Un po’ ballerino Rivera lo era anche sul prato verde. Elegante, incline al volteggio palla al piede, essenziale nei movimenti. E in possesso di «un tocco in più». Che, come scrisse Oreste Del Buono, era una filosofia. Un’estetica. Anzi, l’estetica al potere. Perciò, forse l’azzardo di partecipare a una gara di ballo nazionalpopolare in prima serata sulla rete ammiraglia della Rai vero azzardo non è. Però: chissà se la leggiadrìa non sarà sopravanzata dalla goffaggine. E se il boogie-woogie e il cha cha cha non metteranno a nudo lo scorrere del tempo.
Ventenne, Rivera era il nostro idolo indiscusso. Il passaggio filtrante, il dribbling leggero che scioglieva nugoli di terzini, il pallone che traversava il campo per depositarsi sul piede del compagno davanti al portiere, si trattasse di Pierino Prati o di Gigi Riva, in Nazionale. Talento al servizio della squadra, più di altri fuoriclasse che arriveranno dopo, altrettanto dotati ma forse meno propensi a far viaggiare la palla. Rivera però fu il primo di quella genìa che comprenderà Cruijff, Platini e Zidane. Sempre contrapposto a Mazzola, più nevrotico e funambolico, ma meno elegante. Scegliere l’uno o l’altro era il più appassionante dei derby. Altro che «abatino», come lo battezzò Gianni Brera, più gran scrittore che intenditore di calcio, e perciò bersaglio di noi rossoneri. In quell’Italia lì, del boom e delle radioline all’orecchio la domenica pomeriggio, il calcio era la seconda(?) religione. Rito unificante davvero, interclassista come Lucio Battisti e «smuovisangue» come le prime minigonne. E con la schiettezza del ragazzo di provincia, Rivera era il simbolo della gente che cominciava a dire la sua, avendo introdotto i primi germi di pensiero nelle dichiarazioni post-partita dei calciatori. Una scuola di critici è disposta a sostenere che l’ex golden boy sia stato il più grande giocatore italiano di sempre, più di Baggio, Baresi e Totti. Parecchi anni dopo l’abbandono del calcio giocato e defilatosi dal Milan, lo incontrai alla Camera, fresco deputato nel centrosinistra, e ne approfittai per stringere la mano al mio mito di gioventù.
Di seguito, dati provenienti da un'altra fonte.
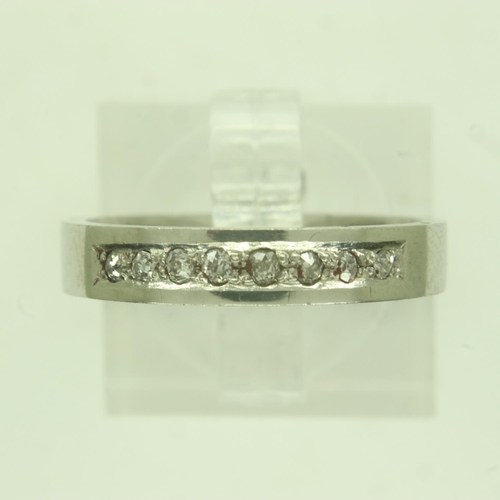 22 - Contemporary platinum band ring, channel-set with eight diamonds, size M/N, 5.4g. UK P&P Group 0 (£6...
Adesso rispunterà dritto da quell’album di ricordi. «Ho sempre cercato di cambiare me stesso», ha centellinato qualche giorno fa. «Mi sono sempre messo in gioco e anche questa volta lo faccio. In fondo l’unica vera costante della vita è il cambiamento». Non fa una piega. A mente fredda, l’ex golden boy - golden anche nel cachet - ha ragione anche stavolta.

Ma, egoisticamente, non sono sicuro che le leggende abbiano diritto di mettere a rischio il proprio alone e la propria memoria. Sono un patrimonio comunitario, un tesoro sedimentato, uno scrigno di gioielli sportivi anche se enfatizzati dalla nostalgia. Che rischio riaprirlo ora, quello scrigno.